Una fotografia a colori, leggermente sbiadita dal tempo, diventa il portale per un viaggio a ritroso nella memoria, alla ricerca di un’epoca che sembra irrimediabilmente perduta. È questa l’immagine potente da cui prende le mosse “L’epoca felice”, il nuovo romanzo di Cristina Comencini, pubblicato da Feltrinelli. Un’opera che, con la sensibilità e la profondità che contraddistinguono la scrittura dell’autrice, esplora i temi universali della memoria, della perdita e della ricerca della propria identità.

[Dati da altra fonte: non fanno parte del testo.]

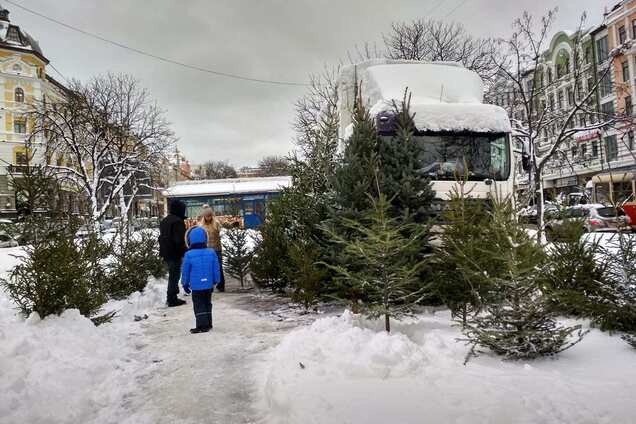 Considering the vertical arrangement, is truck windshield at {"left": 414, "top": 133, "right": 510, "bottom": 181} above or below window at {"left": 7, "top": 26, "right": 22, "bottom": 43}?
below

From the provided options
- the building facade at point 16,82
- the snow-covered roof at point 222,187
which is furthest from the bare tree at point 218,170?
the snow-covered roof at point 222,187

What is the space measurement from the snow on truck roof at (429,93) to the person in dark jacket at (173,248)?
4.46 metres

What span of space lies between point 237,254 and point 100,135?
41.6ft

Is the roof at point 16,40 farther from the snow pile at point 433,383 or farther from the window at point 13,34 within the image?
the snow pile at point 433,383

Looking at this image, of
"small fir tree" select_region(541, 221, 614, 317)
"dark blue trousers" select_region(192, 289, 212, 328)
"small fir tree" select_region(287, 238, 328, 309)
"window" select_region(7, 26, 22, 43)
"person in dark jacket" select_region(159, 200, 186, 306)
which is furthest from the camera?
"window" select_region(7, 26, 22, 43)

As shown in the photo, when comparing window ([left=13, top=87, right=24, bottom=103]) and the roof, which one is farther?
window ([left=13, top=87, right=24, bottom=103])

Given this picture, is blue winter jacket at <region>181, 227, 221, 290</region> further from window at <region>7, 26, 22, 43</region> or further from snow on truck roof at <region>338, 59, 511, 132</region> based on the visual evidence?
window at <region>7, 26, 22, 43</region>

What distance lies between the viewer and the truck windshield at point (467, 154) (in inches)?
333

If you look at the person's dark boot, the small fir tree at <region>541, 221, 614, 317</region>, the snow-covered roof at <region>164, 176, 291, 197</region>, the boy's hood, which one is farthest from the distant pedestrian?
the snow-covered roof at <region>164, 176, 291, 197</region>

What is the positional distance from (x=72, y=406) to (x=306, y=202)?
5.28 meters

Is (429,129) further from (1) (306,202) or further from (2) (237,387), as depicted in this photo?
(2) (237,387)

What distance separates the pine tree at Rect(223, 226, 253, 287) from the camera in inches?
416

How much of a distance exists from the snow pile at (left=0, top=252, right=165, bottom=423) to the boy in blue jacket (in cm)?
97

Il ritrovamento di un istante perduto
La protagonista, Rosa, è una donna matura, un medico che ha dedicato la sua vita a missioni umanitarie in giro per il mondo, in particolare in Etiopia, salvando i figli di altre madri. Tornata in Italia, si ritrova a fare i conti con un passato che credeva sepolto. Il ritrovamento casuale di una fotografia scattata nel 1971, durante una gita in montagna, la riporta a un’adolescenza lontana, a un’immagine di sé che non riconosce più: una ragazzina di quindici anni, vitale e spensierata, con lunghissimi capelli biondi e un sorriso luminoso. Quell’istante di felicità, fissato per sempre sulla pellicola, diventa per Rosa un interrogativo assillante: che fine ha fatto quella ragazza? E cosa è successo nei giorni successivi a quello scatto per cancellare in modo così netto la sua esuberanza e trasformarla in una giovane donna diligente e fin troppo responsabile?
Un’indagine tra i silenzi della famiglia
Il romanzo si sviluppa come un’indagine a ritroso, un tentativo di colmare un vuoto nella memoria di Rosa, un lungo intervallo di tempo che coincide con la fine della sua adolescenza. Per ricomporre la sua vita spezzata, Rosa ha bisogno dell’aiuto delle sue sorelle: Margherita, la maggiore, che quella gita la ricorda bene, e Viola, la più giovane, pronta a scardinare insieme a lei i segreti e i silenzi di famiglia. Emergono così i ricordi di un’epoca di grandi trasformazioni sociali e culturali, gli anni Settanta, un periodo di fermento in cui si aprivano le porte a una maggiore libertà sessuale, ma persistevano ancora forti restrizioni e tabù. In questo contesto, la famiglia di Rosa, con un padre severo e una madre che incarna un misto di libertà e pudicizia, rappresenta le contraddizioni di un’intera generazione.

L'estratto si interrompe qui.